# PROBLEM
Set down each entry as it stands. Skip the pictures.
►
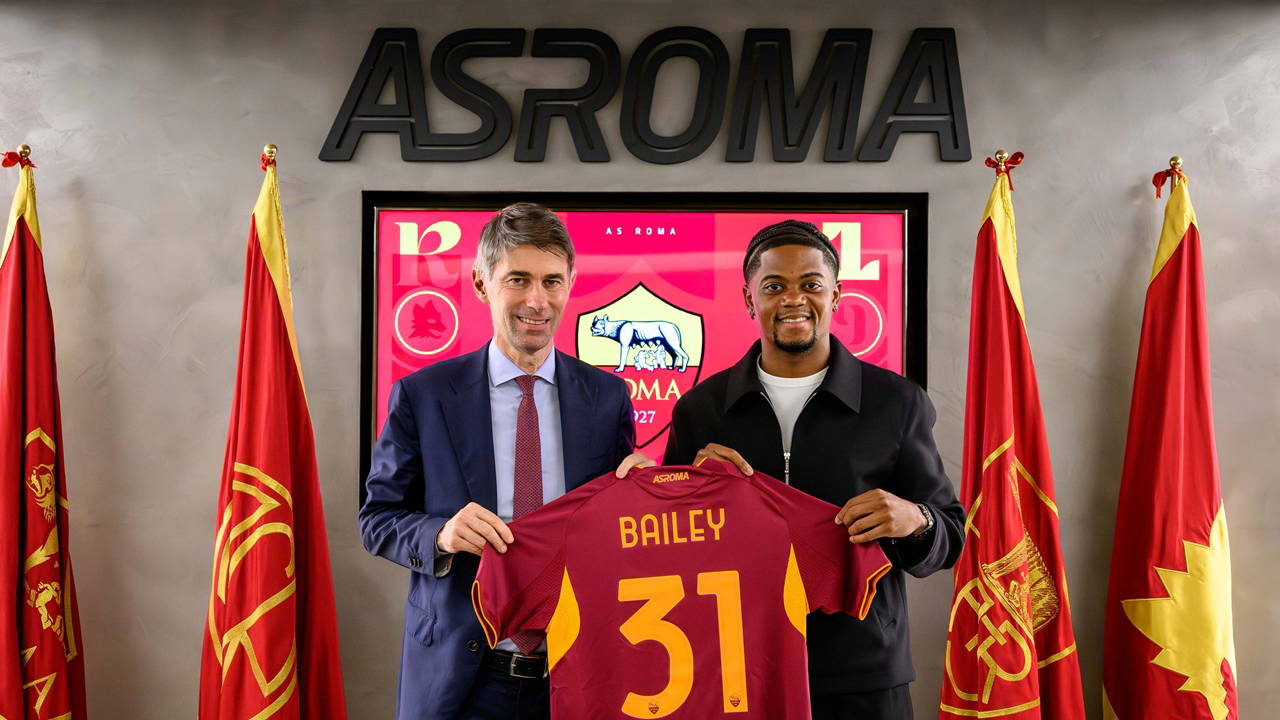 Leon Bailey'den Roma'ya kötü haber: İlk antrenmanda sakatlandı!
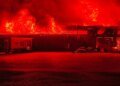 Россия атаковала склады «Новой почты» и производственные объекты в Киевской области: произошёл пожар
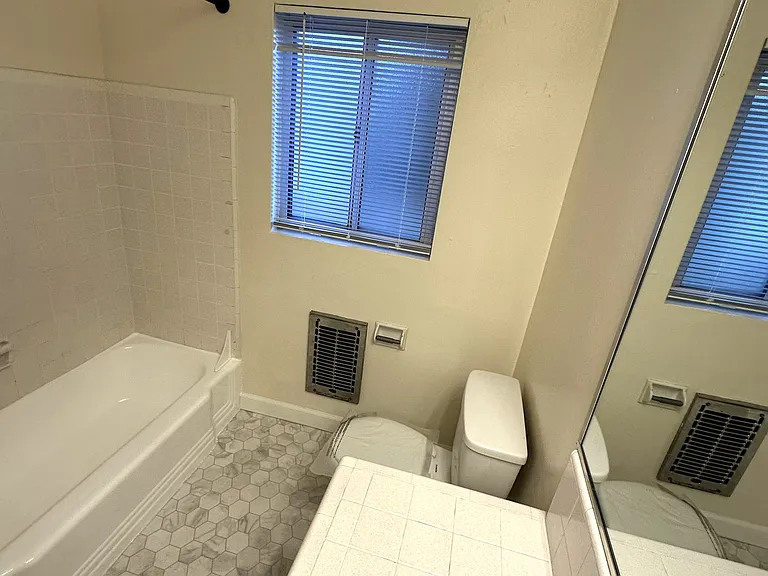 4500 E 7th St #13 — Photo 8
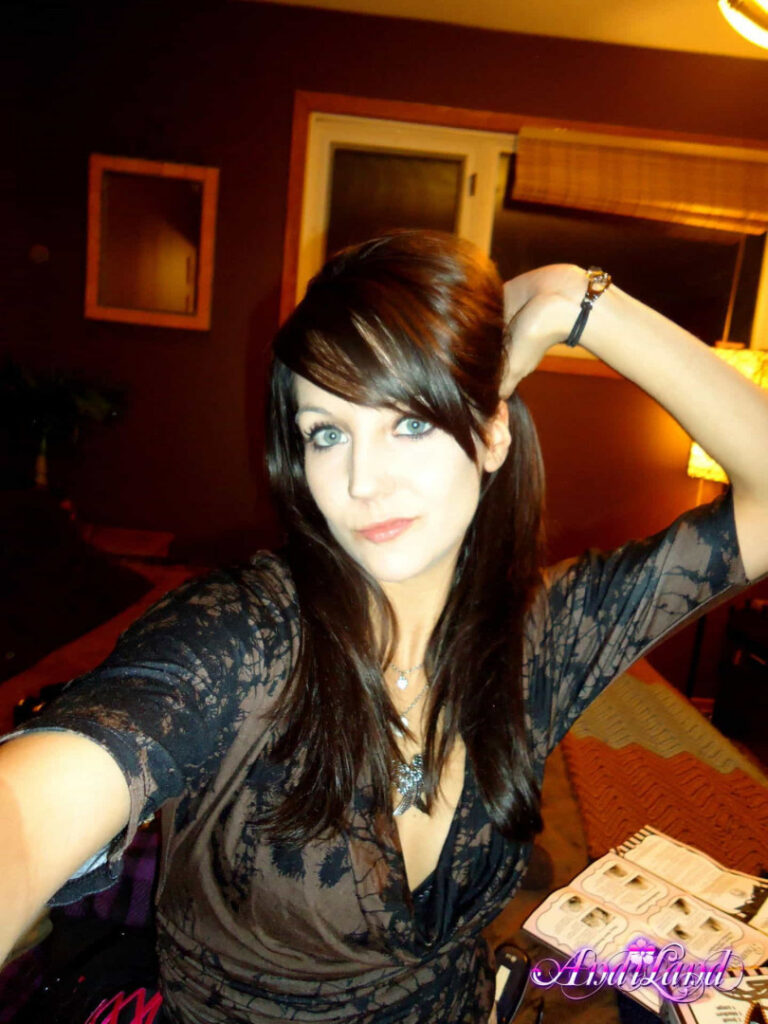 OnlyFans – Andi Land – Nude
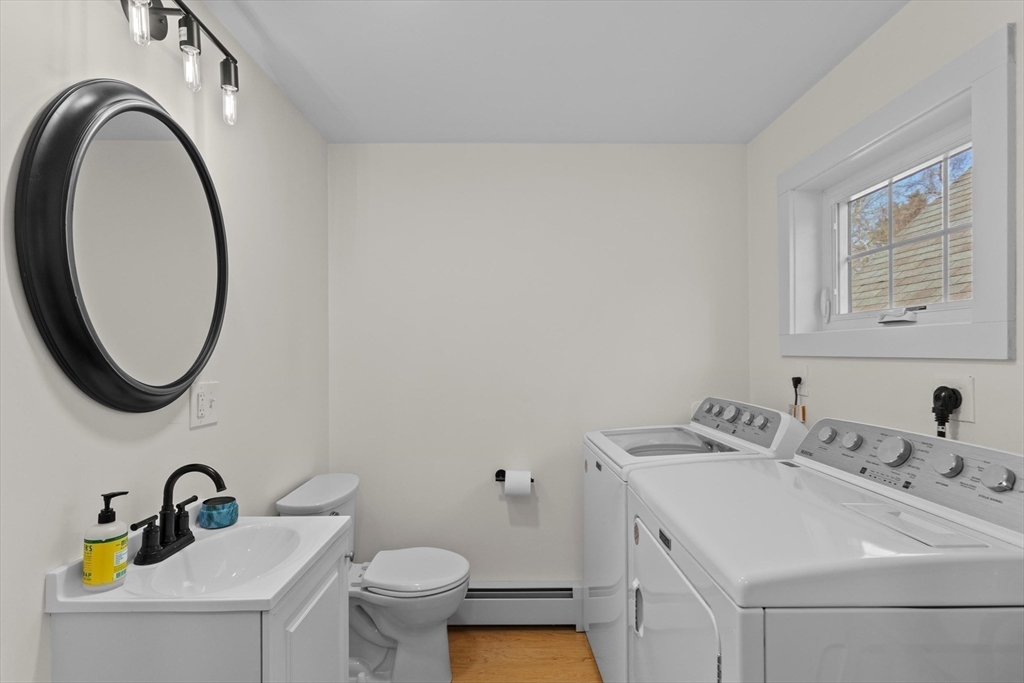 66 Warren Street Georgetown, MA 01833 - Photo 22 of 35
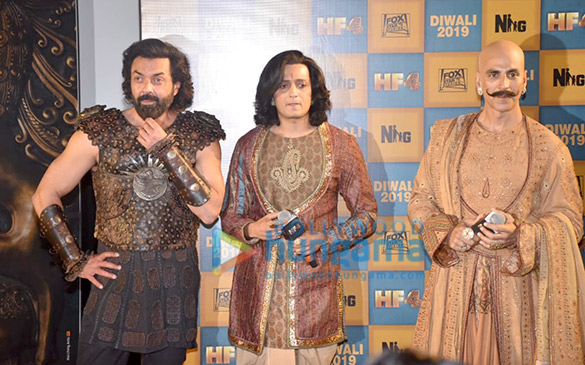 photos akshay kumar bobby deol riteish deshmukh kriti sanon pooja hegde and kriti kharbanda grace the trailer launch of housefull 41 1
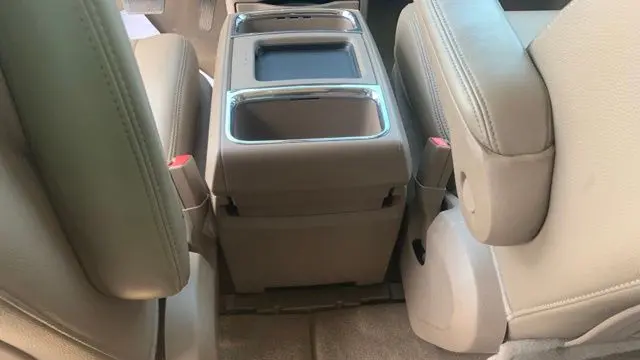 2015 Chrysler Town and Country Touring-L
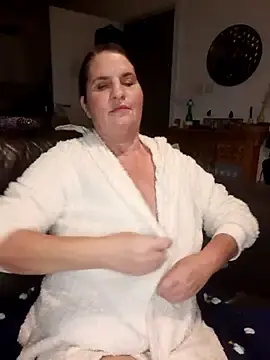Stripchat Adult Webcam of Velvet-Milf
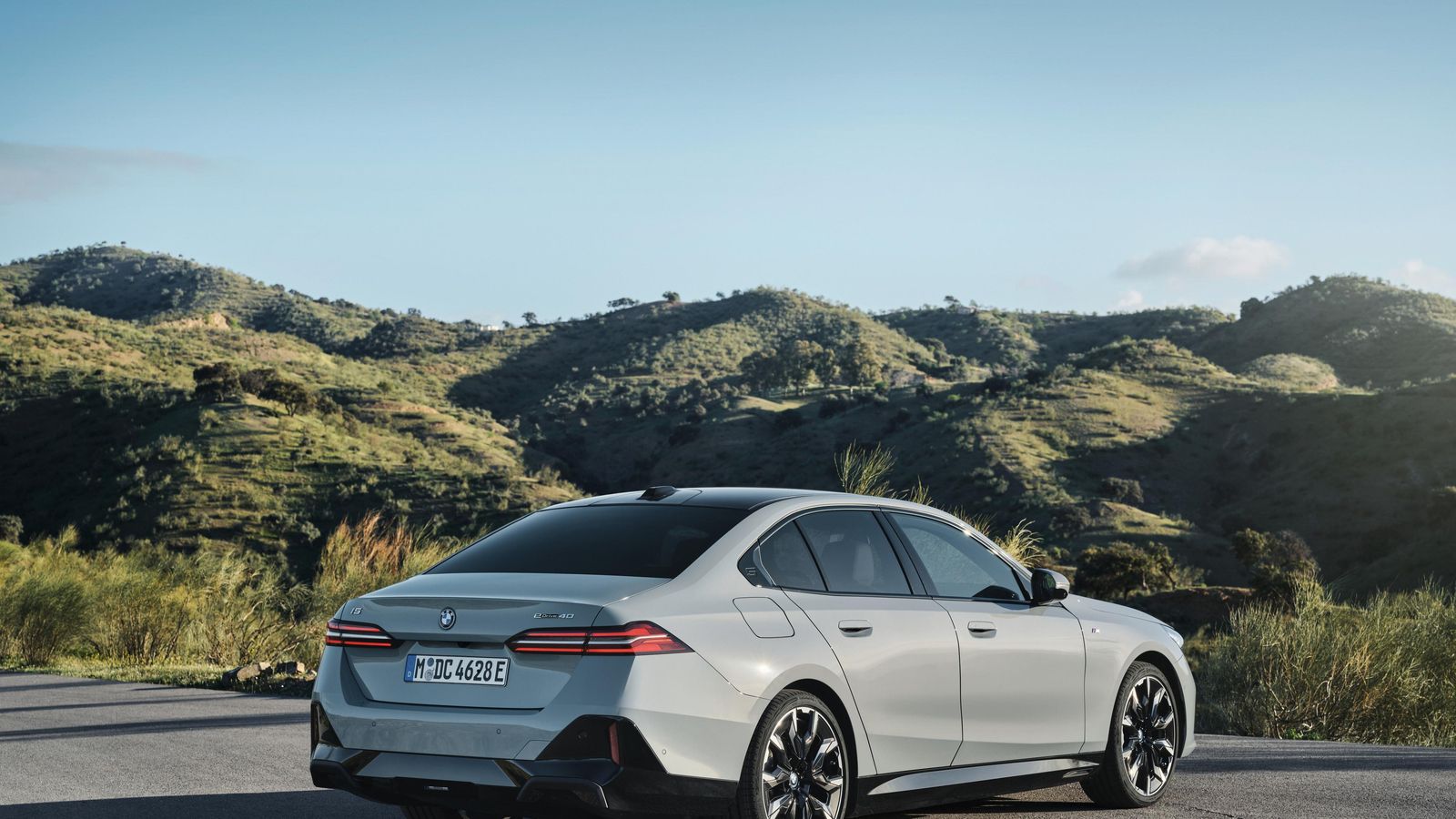 Además del i5 M60 xDrive, con dos motores y más de 600 CV; se pondrá a la venta esta Serie 5 con un segundo eléctrico de 340 CV y con un único motor.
◄
# WRITTEN SOLUTION
 Leon Bailey'den Roma'ya kötü haber: İlk antrenmanda sakatlandı!
 Россия атаковала склады «Новой почты» и производственные объекты в Киевской области: произошёл пожар
 4500 E 7th St #13 — Photo 8
 OnlyFans – Andi Land – Nude
 66 Warren Street Georgetown, MA 01833 - Photo 22 of 35
 photos akshay kumar bobby deol riteish deshmukh kriti sanon pooja hegde and kriti kharbanda grace the trailer launch of housefull 41 1
 2015 Chrysler Town and Country Touring-L
Stripchat Adult Webcam of Velvet-Milf
 Además del i5 M60 xDrive, con dos motores y más de 600 CV; se pondrá a la venta esta Serie 5 con un segundo eléctrico de 340 CV y con un único motor.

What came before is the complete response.